Edward P. Evans, also known as Ned Evans, (January 31, 1942 - December 31, 2010) was an American heir, businessman, investor, horse breeder and philanthropist. He was the chairman and CEO of Macmillan Publishers from 1979 to 1989. He was the owner of Spring Hill Farm, a horse farm in Fauquier County, Virginia. He is the namesake of Edward P. Evans Hall, the main building at the Yale School of Management.

==Early life==
Edward P. Evans was born on January 31, 1942, in Pittsburgh, Pennsylvania. His father, Thomas Mellon Evans, was a corporate raider, horse breeder and philanthropist. He had two brothers.

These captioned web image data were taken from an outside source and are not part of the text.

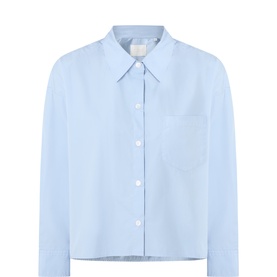 Citizens of Humanity French Blue cotton cropped shirt with classic collar, chest patch pocket, and white button fastening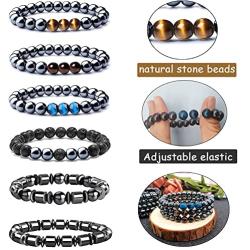 Jewdreamer 10Pcs Hematite Magnetic Bracelets for Men Women Tiger Eye Natural Stone Beaded Bracelets Magnetic Therapy Bracelet Lava Rock Oil Diffuser Aromatherapy Bracelets Set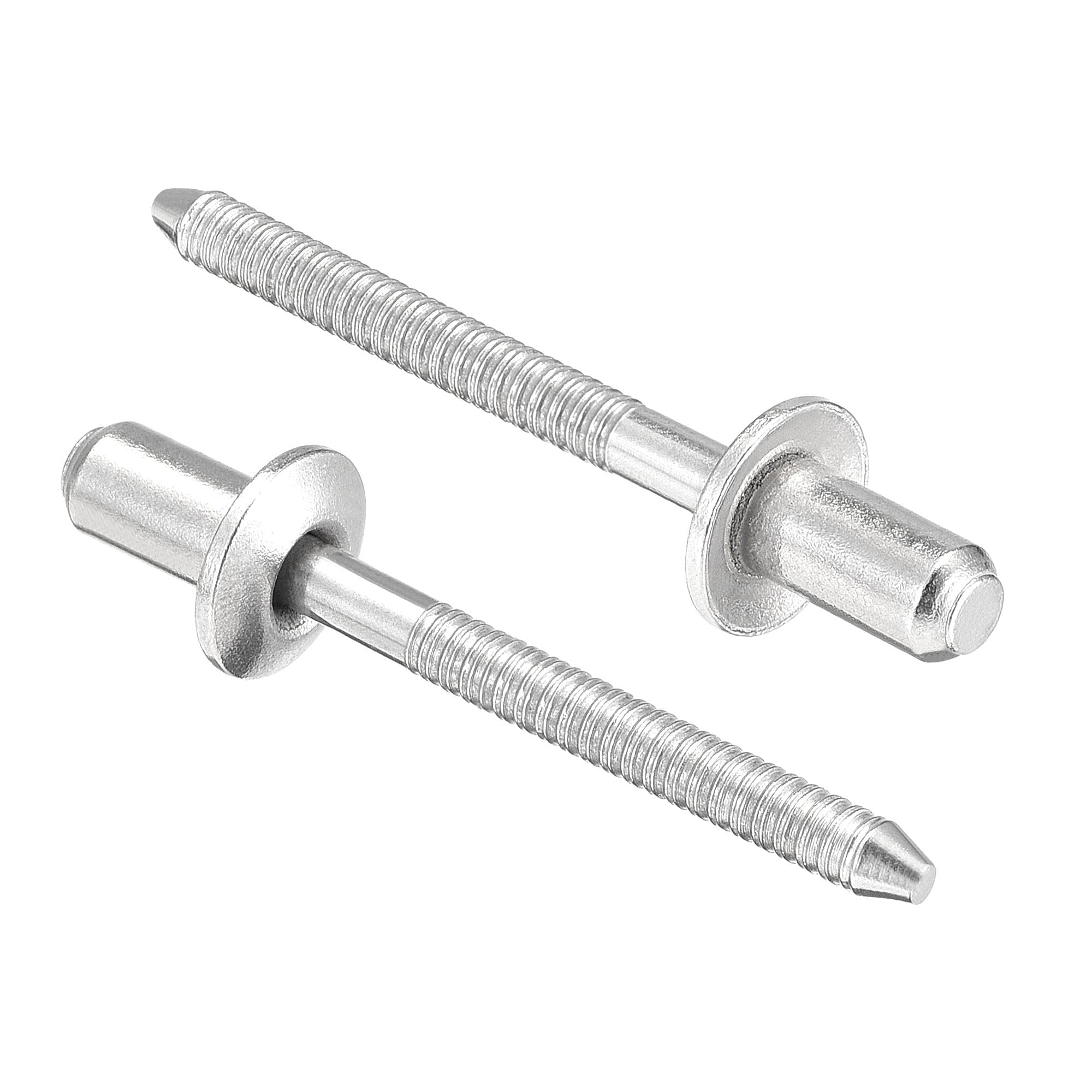 sourcing map Blind Rivets, 304 Stainless Steel Pull Rivets Core Decoration Rivets 4.8mm Diameter 9mm Grip Length Close End Silver Tone, 100pcs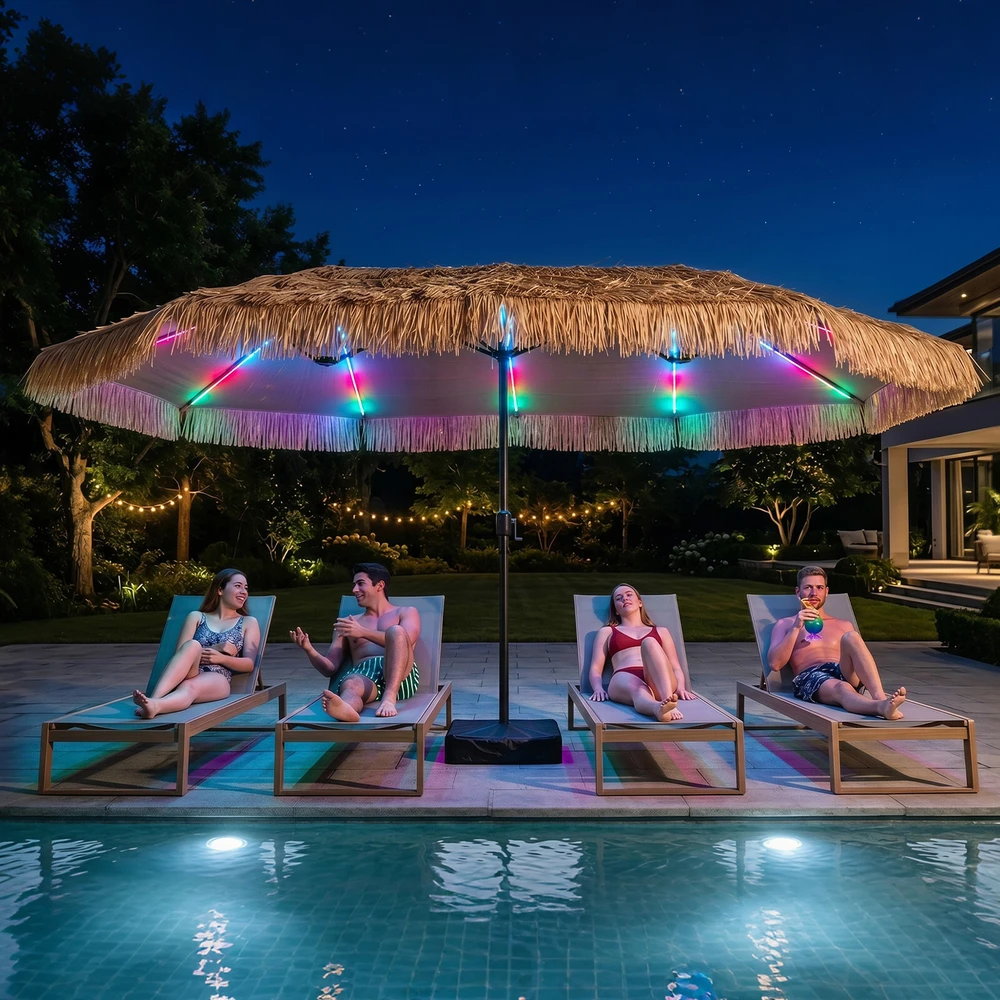 Dvipusis sodo skėtis su 144 LED lemputėmis, rudas ir juodas, 457,2 × 274,3 × 253 cm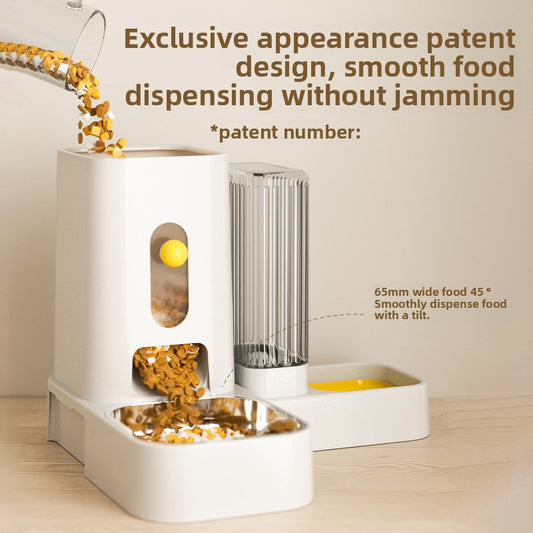 Stainless Steel Cat Bowl Dog Bowl Automatic Water Dispenser with Dry Wet Food Separation Large Capacity Pet Feeder Drinking Fountain Quiet Pump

Evans was educated at the Phillips Academy. He earned a bachelor's degree from Yale University in 1964 and a master in business administration from the Harvard Business School in 1967.

==Business career==

Evans began his career by working for his father. By the 1970s, he became the chairman and chief executive officer of one of his family businesses, H.K. Porter, Inc. He acquired 15% of Macmillan Publishers in 1979 and served as its chairman and CEO until 1989, when he sold it to the Maxwell Communication Corporation for $2.8 billion. He subsequently became an investor.

==Equine interests==
Evans was the owner of Spring Hill Farm, a 2,800-acre horse farm near Casanova in Fauquier County, Virginia. His 250 horses included Saint Liam, Quality Road, Minstrella, Summer Colony and Gygistar. According to Glenn Petty of the Virginia Thoroughbred Association, "Since entering the business in the 1970’s, Evans (and a very few select partners over the years) has produced the earners of more than $75 million."

Evans was a member of The Jockey Club. According to The Blood-Horse, "He was recognized by the Thoroughbred Owners and Breeders Association as Virginia’s Breeder of the Year 10 times, most recently in 2010, and he was TOBA’s National Breeder of the Year in 2009."

==Death and legacy==
Evans died of leukemia on December 31, 2010, at the Mount Sinai Hospital in New York City. Shortly before his death, Evans donated $50 million to the Yale School of Management at his alma mater, Yale University, where the Edward P. Evans Hall was named in his honor.